↓↓↓
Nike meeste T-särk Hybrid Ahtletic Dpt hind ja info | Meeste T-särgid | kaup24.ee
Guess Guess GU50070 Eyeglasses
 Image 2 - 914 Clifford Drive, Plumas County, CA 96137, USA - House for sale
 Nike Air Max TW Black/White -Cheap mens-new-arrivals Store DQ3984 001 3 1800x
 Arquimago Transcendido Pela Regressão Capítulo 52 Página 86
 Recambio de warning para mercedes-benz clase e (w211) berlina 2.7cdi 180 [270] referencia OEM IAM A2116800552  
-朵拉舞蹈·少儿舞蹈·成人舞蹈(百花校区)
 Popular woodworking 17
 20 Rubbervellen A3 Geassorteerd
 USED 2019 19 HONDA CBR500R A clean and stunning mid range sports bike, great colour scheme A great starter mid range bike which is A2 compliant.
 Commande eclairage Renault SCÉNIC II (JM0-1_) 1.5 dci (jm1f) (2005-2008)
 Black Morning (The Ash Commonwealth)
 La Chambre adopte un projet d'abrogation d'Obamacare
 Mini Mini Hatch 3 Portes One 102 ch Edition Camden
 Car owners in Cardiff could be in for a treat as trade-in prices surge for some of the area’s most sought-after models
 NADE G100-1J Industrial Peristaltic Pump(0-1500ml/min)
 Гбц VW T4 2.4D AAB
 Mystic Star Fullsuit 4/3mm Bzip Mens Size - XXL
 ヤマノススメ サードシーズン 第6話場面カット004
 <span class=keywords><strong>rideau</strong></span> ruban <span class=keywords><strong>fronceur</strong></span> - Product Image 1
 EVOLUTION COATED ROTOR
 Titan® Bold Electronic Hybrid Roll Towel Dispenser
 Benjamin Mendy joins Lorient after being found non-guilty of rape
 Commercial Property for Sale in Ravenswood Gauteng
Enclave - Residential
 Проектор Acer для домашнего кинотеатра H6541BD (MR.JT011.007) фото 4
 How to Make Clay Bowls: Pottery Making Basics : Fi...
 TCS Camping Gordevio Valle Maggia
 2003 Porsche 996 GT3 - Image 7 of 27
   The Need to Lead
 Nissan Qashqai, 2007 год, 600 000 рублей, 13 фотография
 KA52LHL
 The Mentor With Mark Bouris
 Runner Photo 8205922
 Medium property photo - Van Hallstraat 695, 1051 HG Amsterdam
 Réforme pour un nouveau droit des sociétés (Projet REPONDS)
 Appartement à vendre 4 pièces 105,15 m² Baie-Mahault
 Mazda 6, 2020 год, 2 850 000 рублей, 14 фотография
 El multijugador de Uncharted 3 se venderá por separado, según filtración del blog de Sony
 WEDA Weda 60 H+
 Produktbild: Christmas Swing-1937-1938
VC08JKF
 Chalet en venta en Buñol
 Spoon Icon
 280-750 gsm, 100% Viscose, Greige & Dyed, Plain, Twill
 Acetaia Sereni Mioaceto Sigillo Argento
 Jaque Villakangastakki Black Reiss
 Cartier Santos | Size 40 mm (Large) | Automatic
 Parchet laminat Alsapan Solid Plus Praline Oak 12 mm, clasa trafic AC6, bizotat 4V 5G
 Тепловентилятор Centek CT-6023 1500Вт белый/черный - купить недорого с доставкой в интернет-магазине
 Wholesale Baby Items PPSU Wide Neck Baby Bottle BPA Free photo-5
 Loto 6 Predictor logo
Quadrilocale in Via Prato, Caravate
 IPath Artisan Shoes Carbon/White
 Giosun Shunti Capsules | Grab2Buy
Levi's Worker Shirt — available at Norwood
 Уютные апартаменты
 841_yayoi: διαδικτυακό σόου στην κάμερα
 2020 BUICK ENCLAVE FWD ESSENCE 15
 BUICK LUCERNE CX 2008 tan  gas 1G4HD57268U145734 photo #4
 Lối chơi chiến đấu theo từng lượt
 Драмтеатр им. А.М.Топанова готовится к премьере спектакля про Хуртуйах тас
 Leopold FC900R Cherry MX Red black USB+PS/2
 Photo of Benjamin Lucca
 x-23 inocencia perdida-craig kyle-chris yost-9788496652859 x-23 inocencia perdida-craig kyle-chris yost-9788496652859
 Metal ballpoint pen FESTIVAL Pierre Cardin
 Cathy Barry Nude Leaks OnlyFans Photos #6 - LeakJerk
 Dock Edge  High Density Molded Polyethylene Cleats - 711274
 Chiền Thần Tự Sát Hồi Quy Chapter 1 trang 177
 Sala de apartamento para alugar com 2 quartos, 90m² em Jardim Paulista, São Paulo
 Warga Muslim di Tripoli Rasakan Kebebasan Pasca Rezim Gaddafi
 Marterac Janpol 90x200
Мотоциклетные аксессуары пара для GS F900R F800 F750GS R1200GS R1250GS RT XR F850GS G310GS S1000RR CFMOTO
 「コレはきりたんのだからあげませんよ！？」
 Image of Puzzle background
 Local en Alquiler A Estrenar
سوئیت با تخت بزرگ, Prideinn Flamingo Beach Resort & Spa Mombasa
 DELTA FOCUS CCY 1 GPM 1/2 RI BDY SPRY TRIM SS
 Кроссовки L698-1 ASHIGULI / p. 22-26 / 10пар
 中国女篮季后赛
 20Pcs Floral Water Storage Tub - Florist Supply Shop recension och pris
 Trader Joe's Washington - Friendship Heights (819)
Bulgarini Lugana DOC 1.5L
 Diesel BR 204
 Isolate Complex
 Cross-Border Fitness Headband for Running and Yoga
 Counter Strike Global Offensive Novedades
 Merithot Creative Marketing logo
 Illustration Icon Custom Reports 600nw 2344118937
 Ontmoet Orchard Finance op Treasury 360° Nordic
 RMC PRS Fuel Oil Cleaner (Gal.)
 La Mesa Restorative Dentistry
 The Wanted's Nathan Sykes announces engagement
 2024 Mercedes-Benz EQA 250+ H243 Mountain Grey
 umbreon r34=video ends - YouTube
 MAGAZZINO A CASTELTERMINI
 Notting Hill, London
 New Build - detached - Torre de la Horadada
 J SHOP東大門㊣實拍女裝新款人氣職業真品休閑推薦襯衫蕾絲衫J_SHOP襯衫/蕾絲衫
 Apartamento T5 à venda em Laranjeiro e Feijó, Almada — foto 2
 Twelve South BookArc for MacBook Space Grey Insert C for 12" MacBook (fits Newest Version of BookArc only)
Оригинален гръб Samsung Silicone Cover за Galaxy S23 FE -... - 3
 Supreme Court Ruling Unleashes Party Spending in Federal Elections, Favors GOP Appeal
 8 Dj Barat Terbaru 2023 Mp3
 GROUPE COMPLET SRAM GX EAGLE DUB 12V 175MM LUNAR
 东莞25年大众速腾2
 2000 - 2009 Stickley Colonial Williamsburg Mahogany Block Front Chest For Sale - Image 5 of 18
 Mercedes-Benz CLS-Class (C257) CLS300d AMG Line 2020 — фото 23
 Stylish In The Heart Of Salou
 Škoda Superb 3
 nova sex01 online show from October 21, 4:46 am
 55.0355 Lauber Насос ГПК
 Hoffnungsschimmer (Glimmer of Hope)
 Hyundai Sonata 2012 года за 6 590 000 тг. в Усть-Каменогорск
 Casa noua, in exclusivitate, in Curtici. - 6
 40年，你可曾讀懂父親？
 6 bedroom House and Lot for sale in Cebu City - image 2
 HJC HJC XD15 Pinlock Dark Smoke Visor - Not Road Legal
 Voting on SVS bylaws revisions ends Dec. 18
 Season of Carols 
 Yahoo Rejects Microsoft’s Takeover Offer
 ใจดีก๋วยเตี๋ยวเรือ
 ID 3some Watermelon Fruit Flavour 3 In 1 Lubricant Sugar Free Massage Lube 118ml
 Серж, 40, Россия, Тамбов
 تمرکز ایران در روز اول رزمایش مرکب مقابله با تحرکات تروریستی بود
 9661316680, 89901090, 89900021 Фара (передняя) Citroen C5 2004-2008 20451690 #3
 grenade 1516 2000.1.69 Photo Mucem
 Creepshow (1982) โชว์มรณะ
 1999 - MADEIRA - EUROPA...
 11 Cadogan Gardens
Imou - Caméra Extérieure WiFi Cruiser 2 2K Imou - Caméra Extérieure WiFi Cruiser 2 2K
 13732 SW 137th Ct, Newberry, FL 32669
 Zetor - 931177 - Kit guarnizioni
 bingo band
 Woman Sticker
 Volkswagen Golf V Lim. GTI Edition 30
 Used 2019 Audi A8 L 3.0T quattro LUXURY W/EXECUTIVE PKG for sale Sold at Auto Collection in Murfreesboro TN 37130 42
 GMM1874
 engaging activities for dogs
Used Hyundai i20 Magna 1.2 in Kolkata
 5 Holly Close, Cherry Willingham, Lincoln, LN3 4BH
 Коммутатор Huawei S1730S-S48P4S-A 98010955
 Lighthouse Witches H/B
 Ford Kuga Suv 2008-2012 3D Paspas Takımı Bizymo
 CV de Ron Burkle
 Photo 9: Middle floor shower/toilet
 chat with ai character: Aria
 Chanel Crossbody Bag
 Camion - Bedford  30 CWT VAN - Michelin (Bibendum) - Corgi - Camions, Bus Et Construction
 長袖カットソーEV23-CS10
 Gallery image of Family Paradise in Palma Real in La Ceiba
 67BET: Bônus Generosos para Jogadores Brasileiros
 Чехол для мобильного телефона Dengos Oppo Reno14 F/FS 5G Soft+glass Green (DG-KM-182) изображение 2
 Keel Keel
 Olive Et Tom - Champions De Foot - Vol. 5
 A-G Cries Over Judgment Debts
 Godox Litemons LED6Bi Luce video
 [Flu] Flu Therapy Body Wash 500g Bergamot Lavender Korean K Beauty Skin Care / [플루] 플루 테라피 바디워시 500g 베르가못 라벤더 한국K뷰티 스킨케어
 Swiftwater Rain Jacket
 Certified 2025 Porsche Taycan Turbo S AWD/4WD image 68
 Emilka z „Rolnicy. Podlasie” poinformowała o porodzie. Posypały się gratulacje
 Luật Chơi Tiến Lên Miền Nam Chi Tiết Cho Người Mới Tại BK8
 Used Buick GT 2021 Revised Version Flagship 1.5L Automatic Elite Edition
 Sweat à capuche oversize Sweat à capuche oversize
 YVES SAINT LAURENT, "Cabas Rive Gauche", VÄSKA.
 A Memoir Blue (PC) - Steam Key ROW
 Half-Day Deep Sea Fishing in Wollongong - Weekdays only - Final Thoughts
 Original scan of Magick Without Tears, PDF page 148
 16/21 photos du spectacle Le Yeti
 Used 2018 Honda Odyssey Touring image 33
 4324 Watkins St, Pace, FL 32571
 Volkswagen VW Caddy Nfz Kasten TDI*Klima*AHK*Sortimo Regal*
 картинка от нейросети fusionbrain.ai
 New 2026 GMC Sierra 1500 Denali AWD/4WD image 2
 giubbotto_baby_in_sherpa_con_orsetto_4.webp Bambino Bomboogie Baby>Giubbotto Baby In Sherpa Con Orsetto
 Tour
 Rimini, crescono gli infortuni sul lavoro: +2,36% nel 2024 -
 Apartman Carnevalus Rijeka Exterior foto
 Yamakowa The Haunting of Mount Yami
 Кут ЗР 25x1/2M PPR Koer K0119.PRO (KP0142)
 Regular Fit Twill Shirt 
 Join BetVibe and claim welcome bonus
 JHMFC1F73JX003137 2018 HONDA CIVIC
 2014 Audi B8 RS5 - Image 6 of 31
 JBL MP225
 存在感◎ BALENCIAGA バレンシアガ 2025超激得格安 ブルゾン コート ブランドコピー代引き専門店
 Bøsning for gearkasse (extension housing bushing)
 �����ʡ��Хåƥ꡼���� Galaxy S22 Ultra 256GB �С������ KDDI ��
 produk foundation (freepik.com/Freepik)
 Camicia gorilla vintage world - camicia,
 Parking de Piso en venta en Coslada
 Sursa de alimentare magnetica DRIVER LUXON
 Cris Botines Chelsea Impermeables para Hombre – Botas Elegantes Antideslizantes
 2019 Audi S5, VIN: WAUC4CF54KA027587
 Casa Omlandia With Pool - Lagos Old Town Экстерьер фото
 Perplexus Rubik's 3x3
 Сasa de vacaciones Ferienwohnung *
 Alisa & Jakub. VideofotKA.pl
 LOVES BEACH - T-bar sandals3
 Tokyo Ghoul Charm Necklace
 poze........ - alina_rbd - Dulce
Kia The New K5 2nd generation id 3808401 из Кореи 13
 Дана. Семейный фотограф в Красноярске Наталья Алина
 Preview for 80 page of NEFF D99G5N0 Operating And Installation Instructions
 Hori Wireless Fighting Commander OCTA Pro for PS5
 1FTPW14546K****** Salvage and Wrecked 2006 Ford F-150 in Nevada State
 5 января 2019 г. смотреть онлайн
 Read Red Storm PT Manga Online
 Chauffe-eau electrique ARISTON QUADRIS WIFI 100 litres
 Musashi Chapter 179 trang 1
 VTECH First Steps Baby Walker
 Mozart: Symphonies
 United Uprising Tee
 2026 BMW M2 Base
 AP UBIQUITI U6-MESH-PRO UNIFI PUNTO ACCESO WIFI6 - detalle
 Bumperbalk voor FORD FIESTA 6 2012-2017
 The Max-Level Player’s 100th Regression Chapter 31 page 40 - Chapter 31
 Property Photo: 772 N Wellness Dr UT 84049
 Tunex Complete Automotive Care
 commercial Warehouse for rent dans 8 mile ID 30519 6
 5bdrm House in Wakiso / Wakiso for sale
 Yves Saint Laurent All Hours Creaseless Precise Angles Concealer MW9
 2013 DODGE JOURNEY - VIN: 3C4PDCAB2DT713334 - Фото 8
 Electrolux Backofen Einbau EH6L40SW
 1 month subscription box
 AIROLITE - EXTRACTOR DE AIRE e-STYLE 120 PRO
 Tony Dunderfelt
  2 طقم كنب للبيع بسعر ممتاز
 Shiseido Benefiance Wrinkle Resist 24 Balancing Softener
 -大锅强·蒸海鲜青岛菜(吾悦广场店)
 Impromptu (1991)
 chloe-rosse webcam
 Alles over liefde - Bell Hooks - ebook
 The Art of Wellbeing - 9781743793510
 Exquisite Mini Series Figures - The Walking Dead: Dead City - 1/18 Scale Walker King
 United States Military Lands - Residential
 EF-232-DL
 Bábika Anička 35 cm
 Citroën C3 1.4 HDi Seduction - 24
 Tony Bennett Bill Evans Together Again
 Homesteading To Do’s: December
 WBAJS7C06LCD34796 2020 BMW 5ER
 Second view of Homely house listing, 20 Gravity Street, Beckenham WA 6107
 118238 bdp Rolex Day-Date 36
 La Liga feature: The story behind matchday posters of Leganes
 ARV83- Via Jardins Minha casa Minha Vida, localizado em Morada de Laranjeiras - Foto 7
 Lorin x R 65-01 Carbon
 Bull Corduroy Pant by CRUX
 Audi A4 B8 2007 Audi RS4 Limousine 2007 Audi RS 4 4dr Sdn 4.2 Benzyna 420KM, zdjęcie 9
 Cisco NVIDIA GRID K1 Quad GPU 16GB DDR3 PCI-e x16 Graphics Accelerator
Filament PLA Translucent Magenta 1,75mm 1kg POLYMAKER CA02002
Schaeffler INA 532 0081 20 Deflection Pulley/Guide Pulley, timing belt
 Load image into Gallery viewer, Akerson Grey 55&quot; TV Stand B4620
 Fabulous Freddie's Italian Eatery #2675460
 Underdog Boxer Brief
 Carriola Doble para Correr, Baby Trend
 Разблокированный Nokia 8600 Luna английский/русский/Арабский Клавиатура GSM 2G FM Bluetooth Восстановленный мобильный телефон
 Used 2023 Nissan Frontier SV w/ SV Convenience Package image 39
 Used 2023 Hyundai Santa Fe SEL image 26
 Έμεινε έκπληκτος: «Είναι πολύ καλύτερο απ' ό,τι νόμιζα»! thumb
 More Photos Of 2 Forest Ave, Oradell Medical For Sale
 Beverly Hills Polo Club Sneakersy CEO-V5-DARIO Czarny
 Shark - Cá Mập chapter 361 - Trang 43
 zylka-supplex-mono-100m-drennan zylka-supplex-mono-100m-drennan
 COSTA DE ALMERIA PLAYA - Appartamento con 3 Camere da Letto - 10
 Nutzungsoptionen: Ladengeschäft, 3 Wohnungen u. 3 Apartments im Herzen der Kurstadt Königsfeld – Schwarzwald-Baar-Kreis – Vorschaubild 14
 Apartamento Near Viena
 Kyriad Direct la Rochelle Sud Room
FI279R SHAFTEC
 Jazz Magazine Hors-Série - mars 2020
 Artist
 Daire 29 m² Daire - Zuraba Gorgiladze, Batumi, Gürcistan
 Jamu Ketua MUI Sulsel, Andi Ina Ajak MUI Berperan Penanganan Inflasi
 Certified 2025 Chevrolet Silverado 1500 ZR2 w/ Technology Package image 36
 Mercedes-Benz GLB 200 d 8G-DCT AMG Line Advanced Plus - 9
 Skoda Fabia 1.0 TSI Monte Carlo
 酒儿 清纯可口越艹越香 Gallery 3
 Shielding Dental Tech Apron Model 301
↑↑↑
Where does the string "after" appear in the records above? Return every line that holds it.

 Car owners in Cardiff could be in for a treat as trade-in prices surge for some of the area’s most sought-after models
 Benjamin Mendy joins Lorient after being found non-guilty of rape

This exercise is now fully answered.